The Great Exhibition of 1851, held at Crystal Palace in London, was the first world's fair and symbolized Britain’s industrial supremacy.

Working class living standards improved. The growth of trade unionism led to the establishment of the Trades Union Congress in 1868.

The Victorian age was the peak of the so-called “English summer”. And not only due to the industrial development and colonial expansion of the country. It was also the age of rapid development of science. Charles Darwin and Michael Faraday are two of the most distinguished figures in the history of British science.

In 1857 ^ Charles Darwin published The Origin of Species. His theory of evolution based upon scientific observation, was welcomed by many as proof of mankind’s ability to find a scientific explanation for everything. But for religious people, who made the majority of the middle class, the idea that all living-beings, including human-beings, had developed from simpler creatures was intolerable. It led to a crisis in the Church. The battle between “faith” and “reason” lasted for the rest of the century.

The country’s developing economy needed skilled workers, technicians and engineers to meet the demands of the growing industrial centres. From the 1870s to the 1890s, several Education Acts were passed by Parliament. In 1870 schooling was made compulsory. All children up to the age of 13 were supposed to go to school, where they were taught reading, writing, arithmetic and sometimes – elementary science. In Scotland, there had been a state education system since the time of the Reformation. There were 4 Scottish universities, three of them dating from the Middle Ages. In Wales, schools had begun to grow rapidly in the middle of the 19th century, partly for nationalist reasons. By the middle of the century Wales had a university and a smaller university college.

The government began to build “redbrick” universities (and schools) in the new industrial centres. The term “redbrick” distinguished the new universities, usually built of red brick, from older, mainly stone-built universities of Oxford and Cambridge. The new universities had a more pragmatic approach to education, and taught more science and technology to feed Britain’s industries.

From the early 1850s to the early 1870s, with occasional years of high unemployment and business failure, almost all sections of the population seemed to be benefiting from relative prosperity. Profits rose, and so did wages and incomes from land. Indeed, those supporters of protection who had argued in the 1840s that free trade would ruin British agriculture were mocked by the mid-Victorian prosperity of agriculture. It was during these years that Victorianism, came to represent a cluster of moral attributes such as “character”, “duty”, “will”, earnestness, hard work and respectable behaviour.
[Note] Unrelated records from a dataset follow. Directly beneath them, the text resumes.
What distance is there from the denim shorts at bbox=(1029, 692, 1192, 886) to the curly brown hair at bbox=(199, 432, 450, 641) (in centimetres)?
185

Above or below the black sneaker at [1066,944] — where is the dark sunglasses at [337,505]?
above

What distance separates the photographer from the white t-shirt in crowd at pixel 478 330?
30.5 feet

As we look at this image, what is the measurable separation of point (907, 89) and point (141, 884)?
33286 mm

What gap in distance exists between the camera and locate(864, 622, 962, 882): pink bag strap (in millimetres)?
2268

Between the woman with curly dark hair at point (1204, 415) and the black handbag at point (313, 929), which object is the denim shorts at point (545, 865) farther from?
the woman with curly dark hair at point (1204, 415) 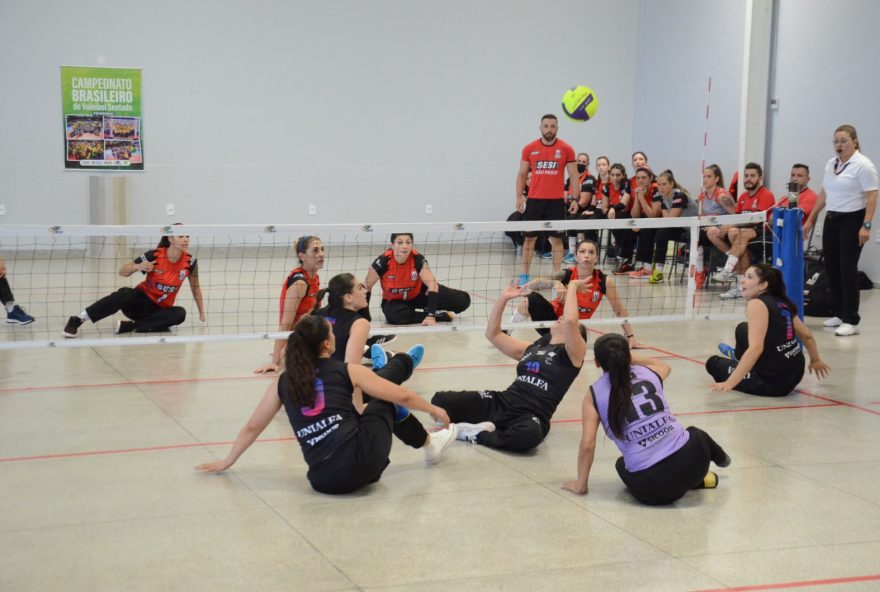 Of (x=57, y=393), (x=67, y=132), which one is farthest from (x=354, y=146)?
(x=57, y=393)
These virtues were not only embraced by the striving bourgeoisie, but all of them also made an appeal to other class sections of the population, aristocratic or trade-unionist. But in spite of that, there was always a Victorian underworld. Belief in the family was accompanied by the spread of prostitution, and in every large city there were districts where every Victorian value was ignored. Many Victorians were as eager to read about crime as to read the Bible.

The Late Victorian period was a time of security, the age of house parties and long weekends in the country. Different variants of socialist theories spread in Great Britain including Marxism.

London remained the financial, political and cultural centre of Britain. Moreover, it was one of the country’s industrial centres. You can now watch an old documentary showing London at the end of the 19th century.

The Victorian age gave rise to a new trend in literature – critical realism. The best-known poets of the period were Alfred Tennyson, Robert Browning and Robert Louis Stevenson. Alfred Tennyson made his mark very early with Poems, Chiefly Lyrical (1830) and Poems (1832). In his early work Tennyson brought an exquisite lyric gift to late-Romantic subject matter, but in the major poems of his middle period Tennyson combined the larger scale required by his new ambitions with his original gift or the brief lyric by building long poems out of short ones.

But the dominant form of literature during the Victorian period was the novel. Early Victorian literature includes some of the greatest and most popular novels ever written. Political novels, religious novels, historical novels, sporting novels, Irish novels, crime novels, and comic novels all flourished in this period. Most novelists of the period wrote long works with many characters.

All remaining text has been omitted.